Trump’s election proved that our culture requires women be better-faster-stronger to compete against men, and that it by no means secures their victory. Some women, and many men, will scoff at me for making this claim, say I’m exaggerating, that I’m a crazy liberal, that the world is equal and that being a woman is not what kept Clinton from being elected the first female President of the United States. And perhaps gender was not Clinton’s ultimate barrier, but it set the race’s tone. Just imagine Clinton (or any minority) had run for President with five children from three different men. She would have been outcast as, frankly, an “immoral whore.” I hardly need to go further to demonstrate the double standards applied to men and women.
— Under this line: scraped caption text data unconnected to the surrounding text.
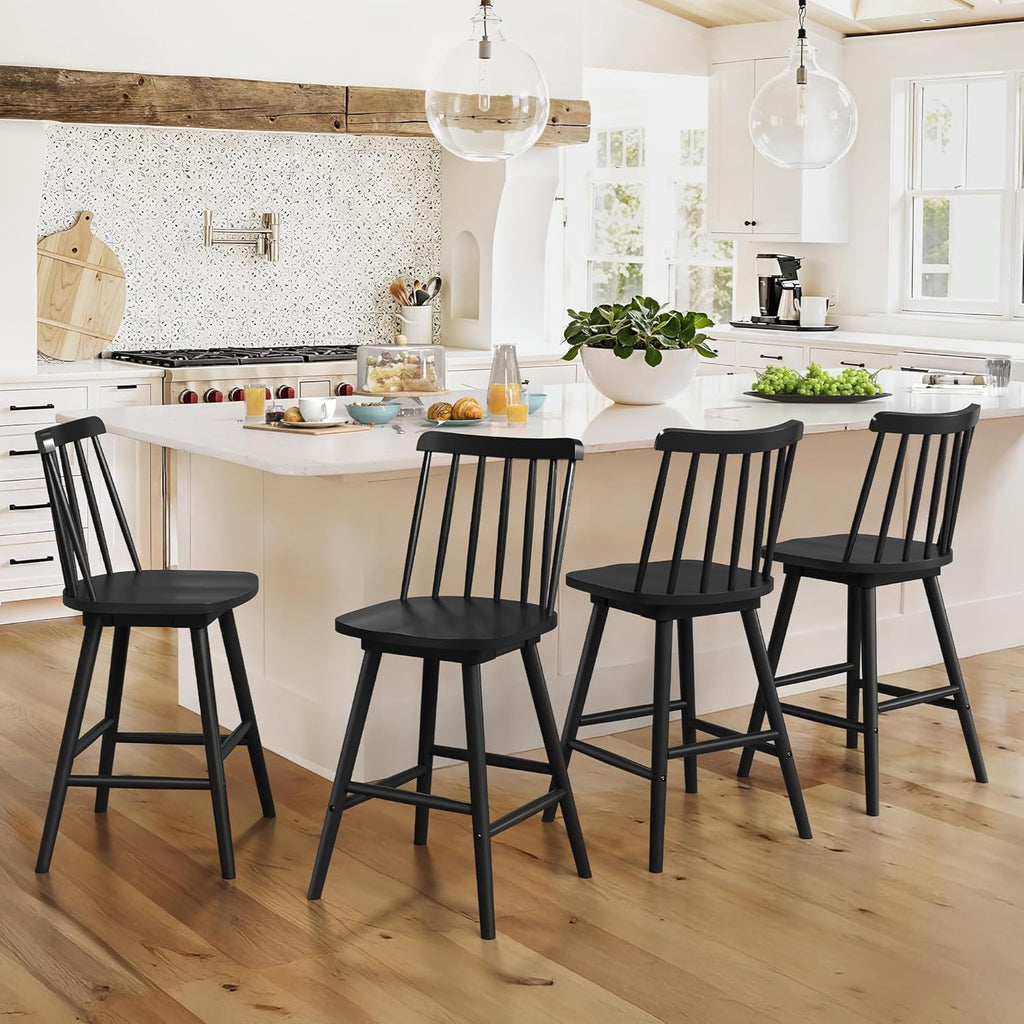 360° Swivel Bar Stools Set of 3, Black Windsor Barstools, Counter Height Barstool with Spindle Back, 24 inch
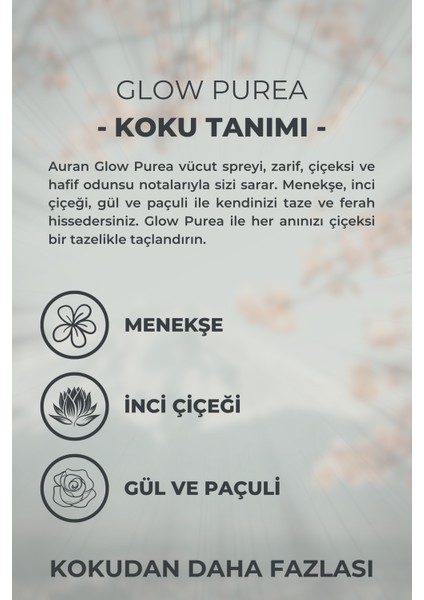 Glow Purea Parfümlü Kadın Vücut Spreyi Vücut Kokusu Vücut Misti Body Mist Spray 150ml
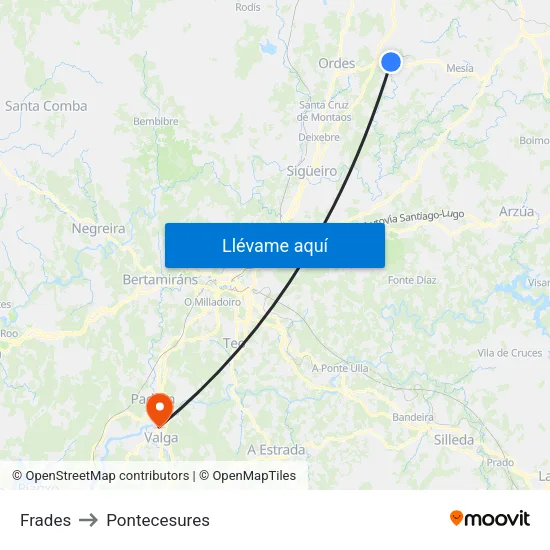 Frades to Pontecesures map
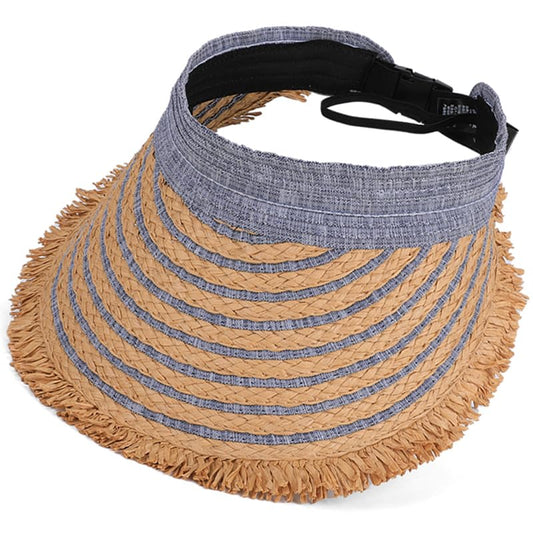 Straw Sun Visor Summer UV Protection Packable Wide Brim Beach Hat Ponytail Women - color: A-denim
But I will.
Consider Trump supporters’ resounding faith in their candidate to fight for the little guy in contrast to their spirited classification of Clinton as incapable of understanding the challenges of ordinary people. Clinton comes from a working class family. She fought for her education, and used her qualification from Yale Law to further the rights of kids and enter public service. Clinton’s policy record is by no means perfect, and she at least tempted conflict of interest with the Clinton Foundation as Secretary of State. However, her life was never driven by exploitation. Making money by marketing her social capital through speaking fees and book sales is industrious, not sneaky.
On the other hand, Trump comes from an upper-class family. His father handed him millions of dollars to kick-start his business career. And in spite of his leg-up, Trump’s enterprises function through vehement dishonesty. He has repeatedly denied workers their agreed payment. He founded a fraudulent educational institution that trapped thousands of Americans looking for new opportunities into debt. He clogged the judicial system with over 3,500 lawsuits. But nevertheless, Trump is the person, the man, in whom many Americans decided to invest their trust.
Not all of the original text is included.